You must submit an ELECTRONIC COPY of your source program through Pilot before the due date. If Pilot is unavailable, submit your source code by email to meilin.liu@wright.edu.
Submit all your source codes, a README file, a report, and any other required files. In the README file, explain how to compile and run your programs clearly. In your report, state whether your programs have all the functionalities required in the project description. Clearly mention any functionalities not implemented in your program. If your program works correctly, include screenshots in your report. Your submitted file name should include your last name, for example, Liu_Project1.cpp, Liu_Project1_Report, Liu_Project1_ReadMe, etc. All submitted project files should include: Course Number / Course Title, your name, group member’s name, professor’s name, date, and the project name. If you do not include these required contents in your submitted files, then 5 points will be deducted.
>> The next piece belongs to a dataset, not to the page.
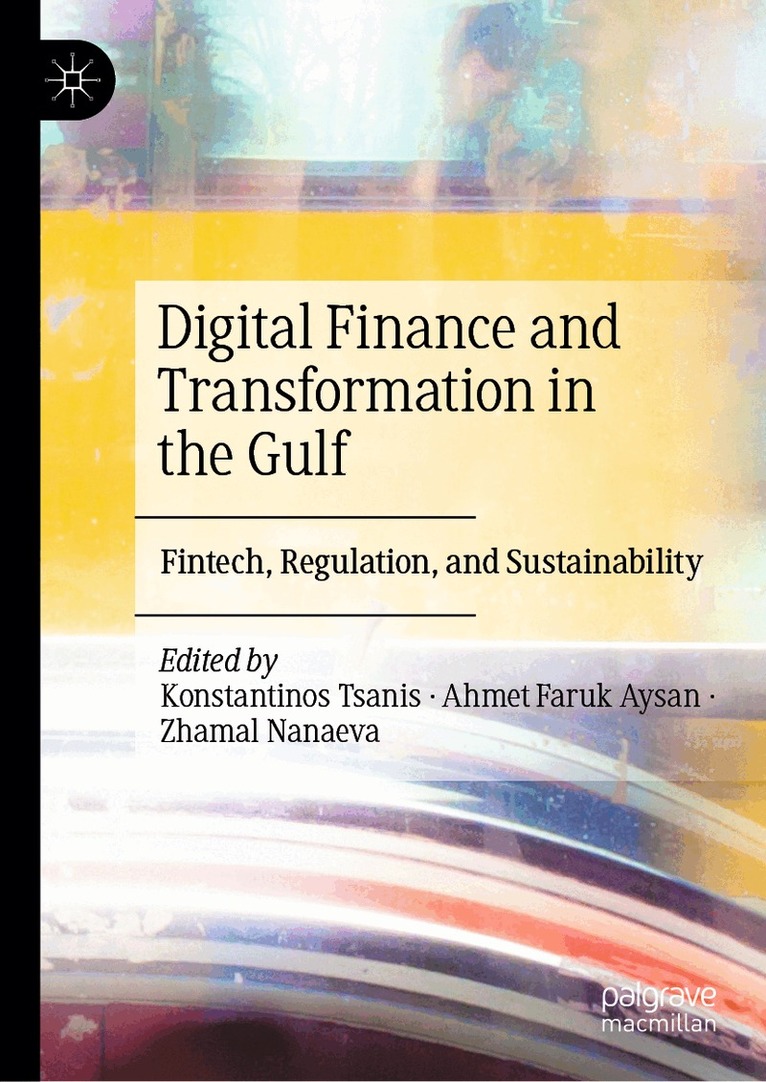 Konstantinos Tsanis, Ahmet Faruk Aysan, Zhamal Nanaeva - Digital Finance and Transformation in the Gulf, Inbunden. Tillgänglighet: Lägg i varukorg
The grader or the instructor will test your programs under the CUDA environment on the Linux server, fry.cs.wright.edu. Before submitting your program, connect to this server using your campus ID to test it. I have demonstrated how to compile and execute a CUDA program on this server. If you have questions, let me know.
The programming assignment is individual. You must finish the project by yourself. If you allow others to copy your programs or answers, you will receive the same punishment as those who copy yours.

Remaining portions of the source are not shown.